La prise de conscience que les araignées de mer géantes ont des trous ressemblant à du fromage suisse dans leurs exosquelettes a mis en lumière un mystère vieux de plusieurs décennies sur la façon dont les créatures sous-marines vivant dans les océans polaires et les abîmes profonds sont devenus si énormément énormes.
Les chercheurs ont découvert que les pores recouvrent les pattes des araignées de mer géantes et que, à mesure que ces araignées se développent, leurs exosquelettes deviennent de plus en plus troués.
"Les exosquelettes des très gros ressemblent presque à du fromage suisse", a déclaré dans un communiqué Caitlin Shishido, doctorante en zoologie à l'Université de Hawai'i à Mānoa.
Les scientifiques ont découvert ce phénomène troué après avoir testé une hypothèse sur la façon dont le gigantisme se développe dans les créatures marines d'eau froide. L'idée, connue sous le nom d'hypothèse de la température de l'oxygène, suggère que les animaux vivant dans des eaux extrêmement froides peuvent atteindre des tailles extraordinaires car ils ont un métabolisme lent. De plus, l'eau froide peut contenir plus d'oxygène que l'eau chaude, donc il y a beaucoup d'oxygène disponible dans les zones d'eau froide.
Pour tester cette hypothèse, les chercheurs se sont rendus à la station McMurdo en Antarctique pour étudier les araignées de mer, cousines des araignées terrestres. L'équipe savait déjà que les araignées de mer sont des «respirantes de la peau», ce qui signifie qu'elles absorbent l'oxygène par leurs jambes.
"L'idée est qu'il faut beaucoup de travail aux animaux pour capter l'oxygène et l'apporter jusqu'à leurs cellules", a déclaré Shishido. "C'est un travail beaucoup plus important pour les grands animaux que pour les petits. Si les températures froides nécessitent moins d'oxygène, vous pouvez atteindre une taille plus grande."

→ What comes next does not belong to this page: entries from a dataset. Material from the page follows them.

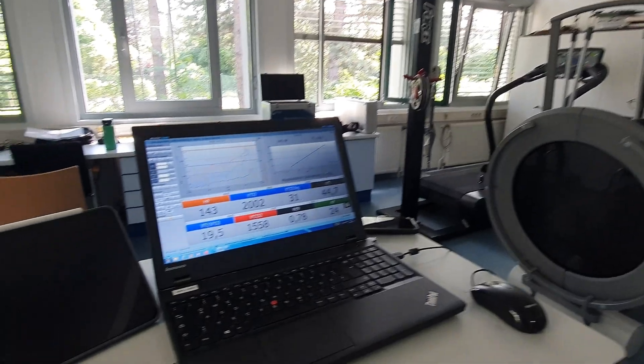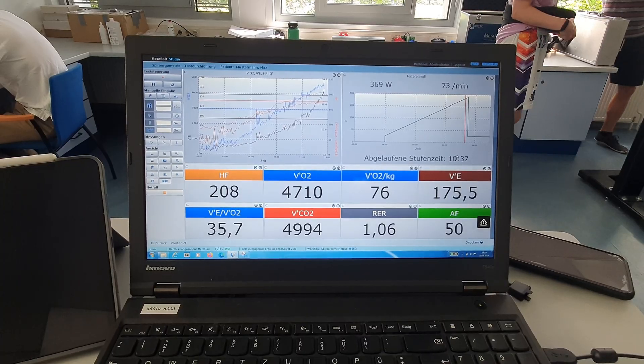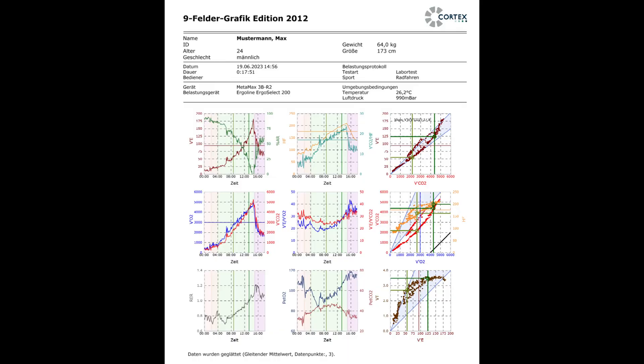Here you can see the data the subject had at the beginning and at the end of the spiroergometry. After completion or cancellation of the test, the results can be displayed as a PDF. In the PDF file, various data are displayed, including the 9-panel graph with the specific data of the test person.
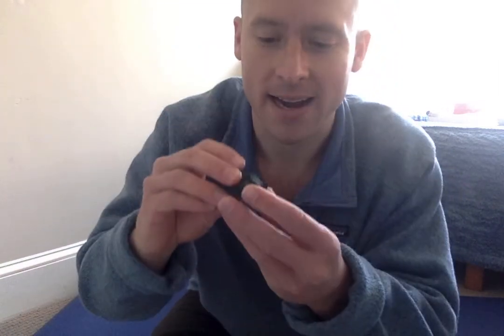It could be smooth, it could be rough, it could be bumpy — for example, this one is actually very bumpy. What we're going to do is sit down in a comfortable position. I'm sitting crisscross applesauce, and we're just going to take some time to close our eyes and feel our object of meditation.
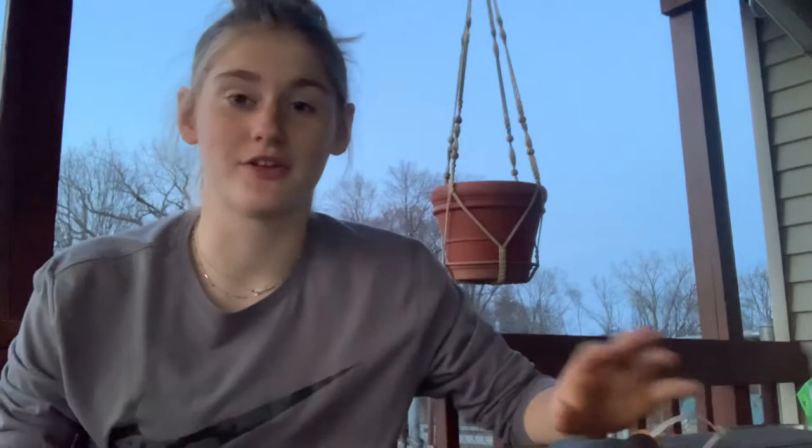There are multiple steps in the process of potting a plant and there are many different ways according to the different types of plants or just people's preferences on how to do it. Today I'm going to be showing you how to repot a plant, representing when it is too big for the pot it's originally in.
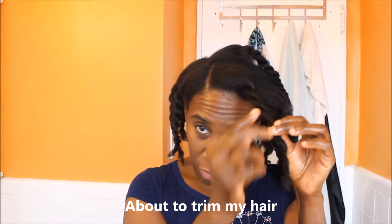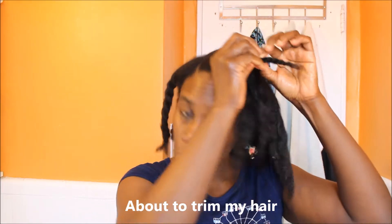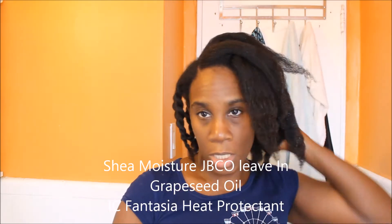Okay YouTube, so I did my hair. I'm done. I blow-dried it because I want to clip my ends. I can't find my shears, so I guess I'm going to have to look for them. I want to go outside because it's such a nice day. I used the Shea Moisture leave-in, then I put grapeseed oil, and then I used a heat protectant.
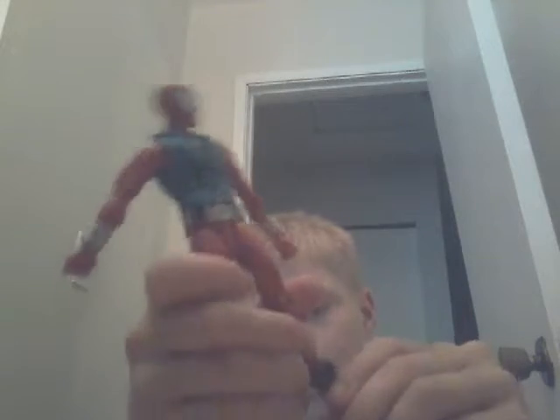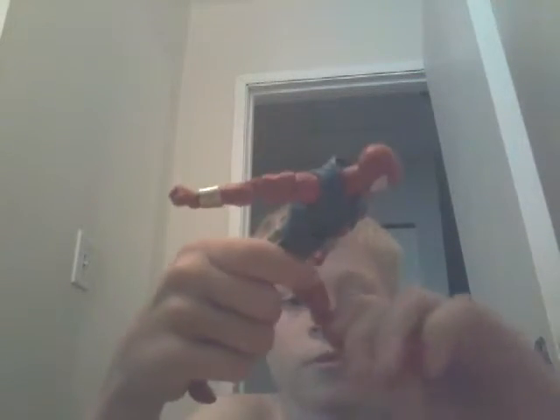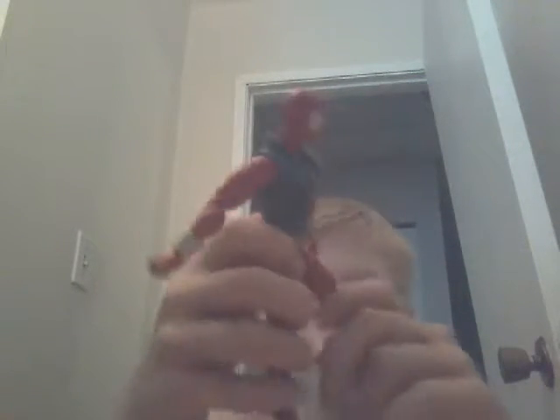You can do ankle pivot — left, up and down. You can do leg up, not that much forward, you can kind of do it. You can kick your leg up, not that much back.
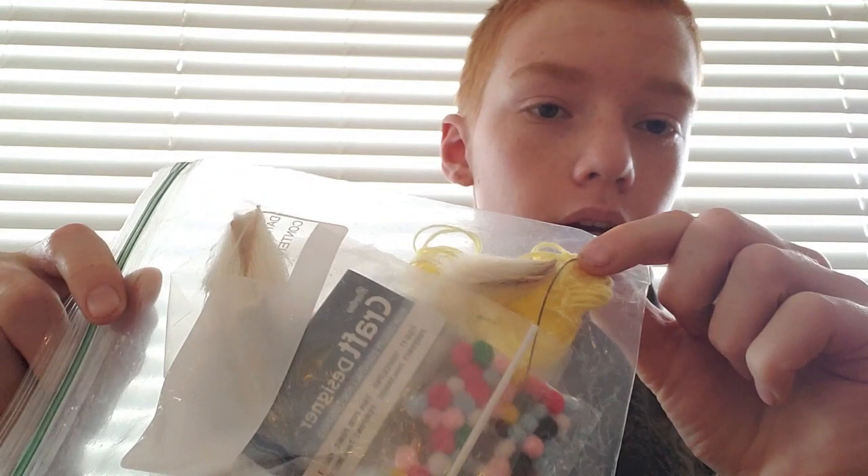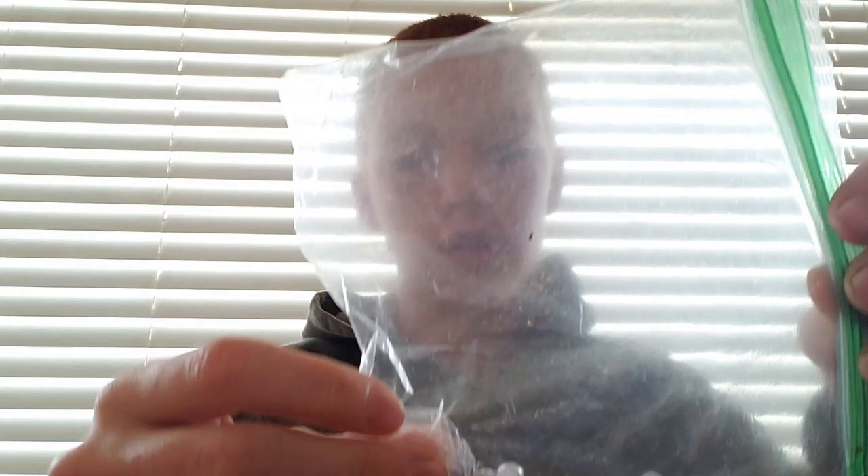Those are some of the basic things you're going to need to get started. Feathers are really necessary — I have an assortment of craft items which you can pick up at a craft store like Joann's or online, wherever you can find it easiest. One more thing: for anything that takes a bead head, you'll need to get these beads, which you can also get at a fly tying store. Make sure you like, subscribe, and we'll see you next week for another fly tying video.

De plus, Shishido et ses collègues se sont demandé si le réchauffement des températures dans les régions polaires nuirait à ces animaux géants, qui sont adaptés pour vivre dans les eaux froides. Pour en savoir plus, les chercheurs ont pris des espèces de deux genres d'araignées de mer - Colossendeis et Ammothea - et les mettre dans le camp d'entraînement des araignées marines, les faisant faire de l'exercice comme des bodybuilders fanatiques.
Les exercices étaient assez simples; les chercheurs ont renversé les araignées à l'envers et ont compté le nombre de fois où les créatures ont pu se redresser à différentes températures, allant des 28,7 degrés Fahrenheit habituels des araignées (moins 1,8 degrés Celsius) à 48,2 F (9 C).

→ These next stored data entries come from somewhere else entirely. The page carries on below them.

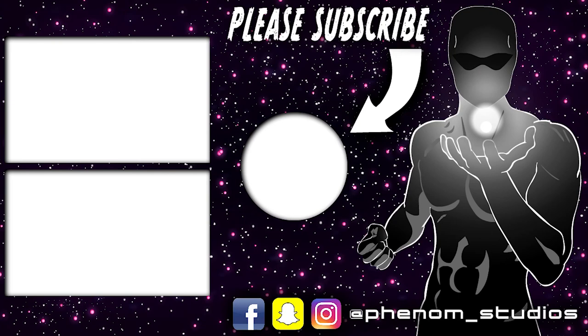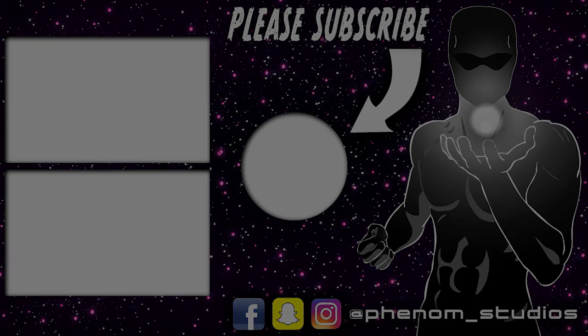Well, for this video I am done. Thank you guys for watching. Until next time — Phenom out. We'll see you next time.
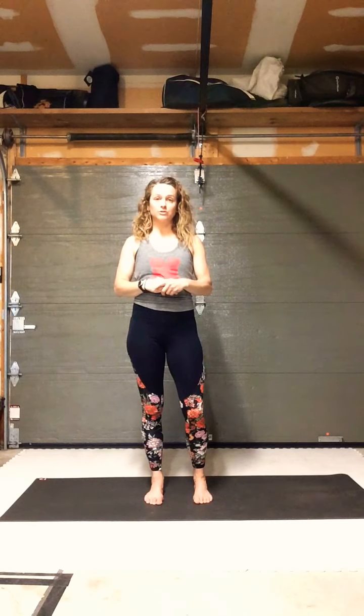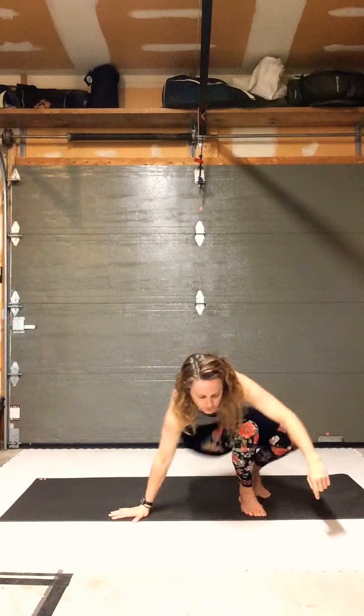That is basically your morning CARs — today took a little longer because I was explaining it in detail, but it's something you can do every morning while making your coffee. I really try to do it every single day. It's also great movement prep on its own for any movement activity you like to do. From here we'll add to it — come down supine, on your back.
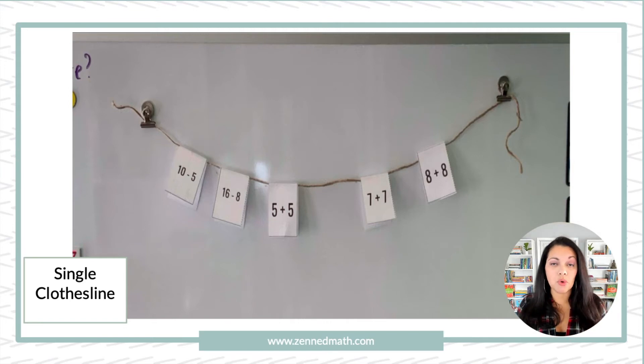I want to talk about the cards. It's not just digits and subitizing. You can do it with equations as well. So the first number tent is 10 take away 5, which is 5. Then 16 take away 8. Then 5 plus 5, which is 10. So I have 5, 8, 10 — it's increasing. Then there's a space, and the class has to think about: is there supposed to be a space there? If so, why? What should go in there?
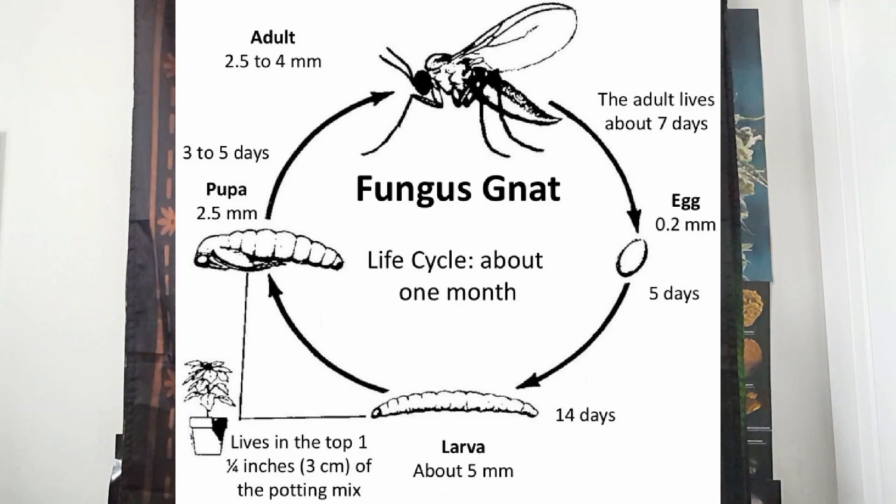This is what their life cycle looks like and as you can tell it is pretty rapid. Since this is a fly-type insect in adult form, sticky traps are quite effective against them, except that in the case of gnats you want to place your sticky traps horizontally just above the growing medium — not above the canopy like with most other flying insect infestations.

Étonnamment, les araignées de mer géantes ont suivi le rythme des petits animaux des deux genres à toutes les températures.
"Nous avons été étonnés que non seulement les animaux géants puissent survivre à des températures beaucoup plus élevées qu'ils ne le voient habituellement, mais ils ont affronté des températures chaudes tout comme les plus petites", a déclaré Shishido. "Ce n'est pas censé se produire; les grands animaux devraient épuiser leur approvisionnement en oxygène et manquer de gaz beaucoup plus tôt que les petits."
Les scientifiques ont été mystifiés jusqu'à ce qu'ils utilisent des microscopes pour mieux voir les pattes des araignées de mer. C'est alors qu'ils ont réalisé que plus les araignées de mer grandissaient, plus leurs exosquelettes devenaient poreux, ce qui permettait aux araignées d'absorber de plus grandes quantités d'oxygène.
Cependant, on ne sait pas comment ces géants à huit pattes se comporteraient dans des eaux chaudes en permanence, car cette expérience n'a exposé les araignées de mer qu'à une chaleur à court terme. Cela dit, ces géants ne sont peut-être pas aussi vulnérables au réchauffement des océans qu'on le pensait, ont noté les chercheurs.